Some monkeys have been made to play slightly different games, and a pattern seems to emerge according to which we (and monkeys) want there to be a reasonable relationship between merit and reward. When the proposer “gains” his title through a selection process, responders tend to accept more unfair splits, and the proposer proposes more unfair splits accordingly! We display a tendency to reward good behaviour and punish bad behaviour even when we get no immediate benefit from doing so, or even undergo some moderate cost. This kind of behaviour is called “strong reciprocity” and is generally useful to the group’s common good.
Similarly, the group benefits largely when its members are trusting and trustworthy, because it can spare the energy that would be needed to supervise and control everyone’s actions. In fact, over centuries, capitalism has evolved in the direction of a more transparent and trusting society and not towards the self-interested red-blooded capitalism we would have imagined. This is because in time a successful market tends to teach its members to recognize those benefits. Individuals can spend less time protecting themselves from being robbed in economic transactions and contracts are less needed. In the late 1990’s, a study conducted in fifteen small-scale economies such as tribes with various levels or development confirmed that the more market-oriented a society was, the greater its level of prosociality was.
We can easily think of situations in which everyone wants to be a free rider and waits for others to do their duty. However, a somewhat irrational trend in our individual behaviour exists so that groups do cooperate nonetheless. Without undue generalization, we could state that individual irrationality helps reach collectively rational results, and that the failure to solve coordination problems often results from individual rationality.
Paying taxes is an example of coordination situations where everyone would rather be a free rider. Evidence shows that tax evasion depends very much on what we believe other people are doing. The more we believe most people pay their taxes and there’s a good chance those who don’t will be caught, the more willing we are to pay our share. People with such a behaviour are called “contingent consenters” because they do cooperate, but only under certain conditions. They represent the largest share of the population. A smaller group is made of selfish – that is perfectly rational – people. Finally the altruists represent a small minority. Note that, despite American’s vehement anti-tax critics, they actually evade taxes much less than Europeans do…
Part II – Examples
- Failure to coordinate in traffic
For a few years now, drivers have been charge £5 to enter the center of
- Collaboration, competition and cooperation in science
Collaboration between scientists is part of a kind of division of labour, each one being specialized in a narrow field. Because scientific knowledge is cumulative, you can make discoveries more efficiently if your predecessors have shared their findings with the community. Finally, the incentive of scientists is not so much getting cash as getting scientific recognition from their peers. Reversely, showing the flaws in other peoples’ work can be a way to make a name for yourself. Scientific truth is established when a vast majority of scientists accept it without question. Yet science is not a democracy, as anybody’s voice is obviously not worth as much as Einstein’s when it comes to questions about relativity.

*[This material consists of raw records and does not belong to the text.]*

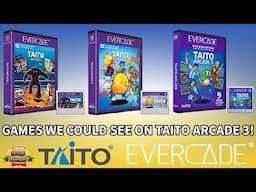 Games We Could See On Taito Arcade 3 On Evercade!
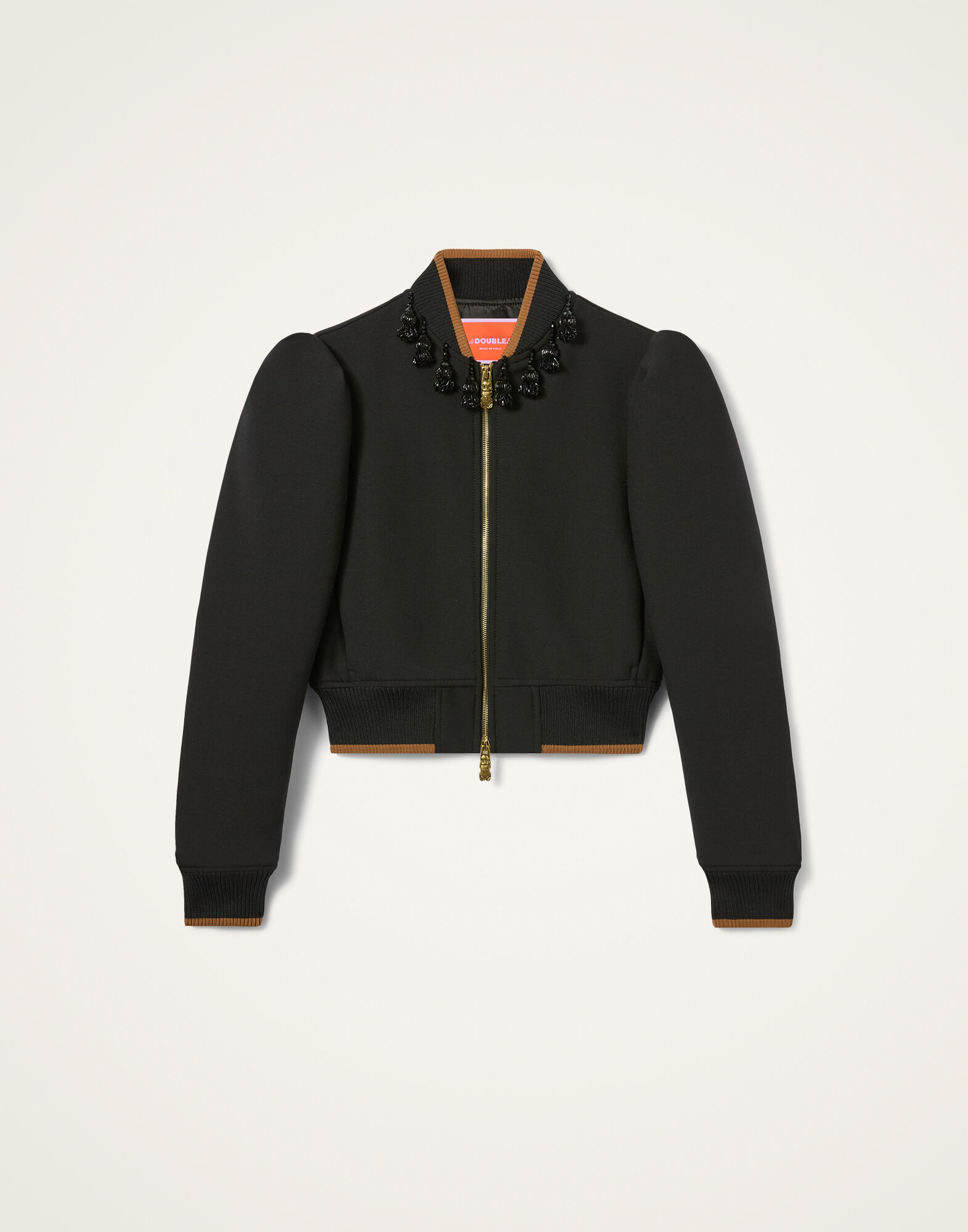 La DoubleJ Bon Bon Bomber Solid Black JAC0186WOL024SOLIDBL01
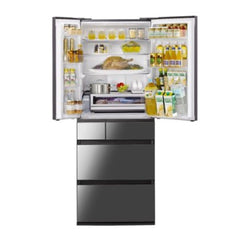 Panasonic 樂聲 NR-F607HX 588公升 ECONAVI 智慧節能六門雪櫃 (黑鋼鏡/香檳金/閃亮白)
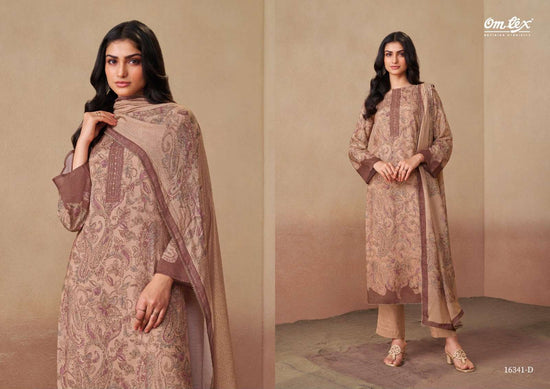 Omtex Rudrani Muslin Digital Print Handwork Dress Material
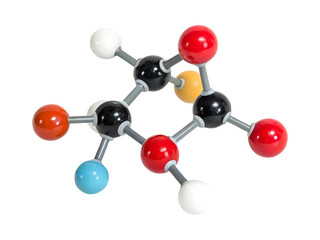 Obraz premium model of molecule png image on transparent background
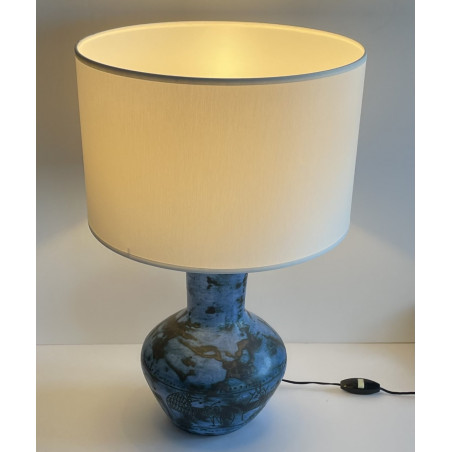 Grande lampe de table en céramique par Jacques Blin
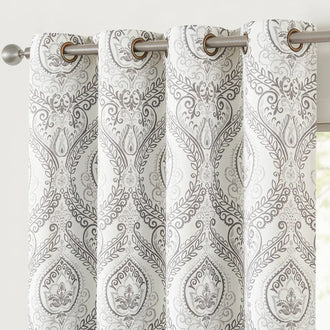 Paisley Pattern Grommet Curtains - Jinchan Home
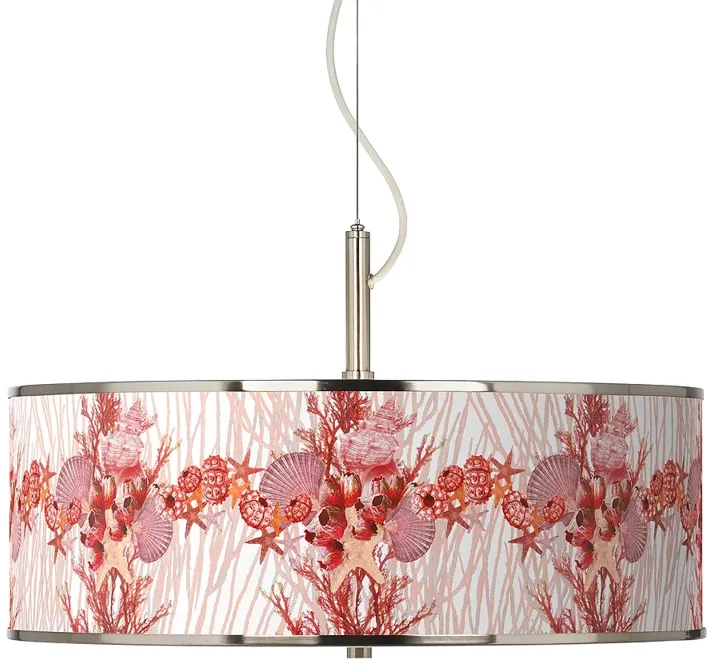 Corallium Giclee Glow 20" Wide Pendant Light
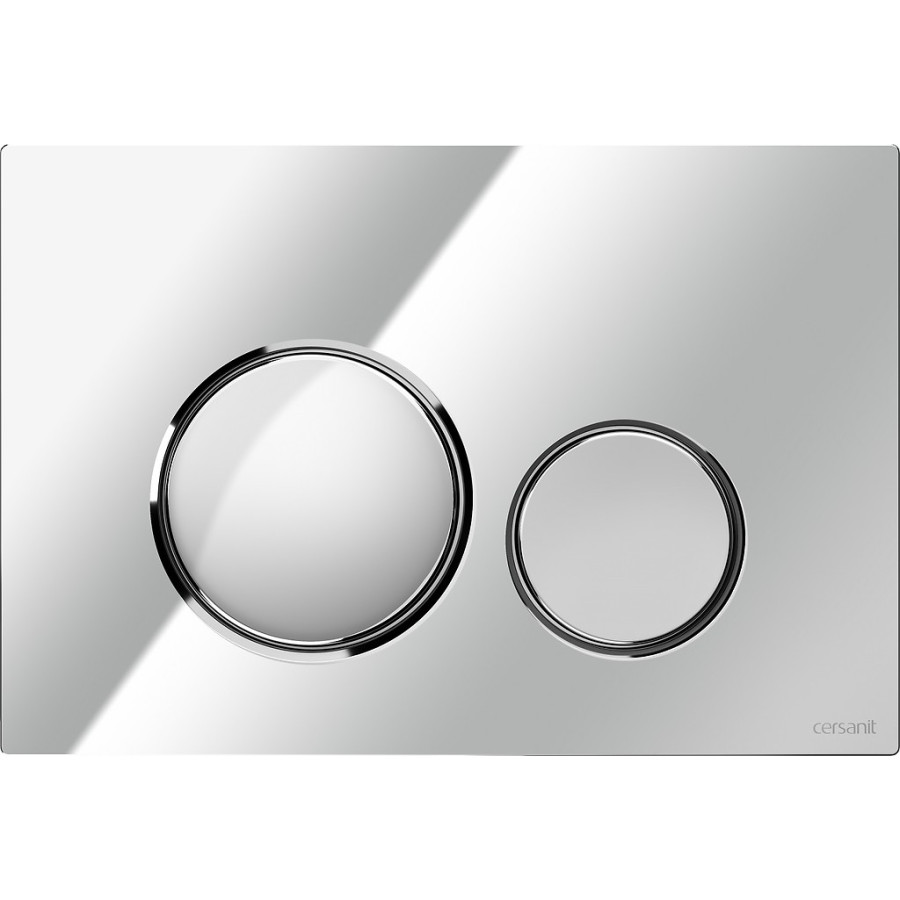 Кнопка смыва Cersanit Luna глянцевый хром - фото 1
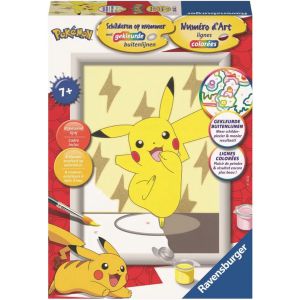 Schilderen op nummer Pokemon vrolijke pikachu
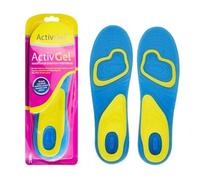 Insoles Women Active Gel Shock Absorbing Foot Pads for Womens & Teen Agers Work Boots Running Shoes Hiking and Sneakers Trainer Support Inner Soles Customizable Heels Comfort Pain Relief Shoe Inser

Research displays an interesting situation where collaboration works and benefits the group, although individuals are rewarded by their main competitors! Therefore, there is some fear that, as an increasing share of research is being financed by private corporations, there might be a tendency to protect information and keep it private.
As the saying goes: “A camel is a horse produced by a committee”.
Decision makers often tend to unconsciously seek those bits of information which confirm their underlying intuitions. This is called the “confirmation bias”. Small groups tend to emphasize consensus over dissent. The information which tends to be talked about the most is the information that everyone already knows. Therefore, it is known that group deliberations are more successful when they have a clear agenda and when leaders make sure everyone gets a chance to speak.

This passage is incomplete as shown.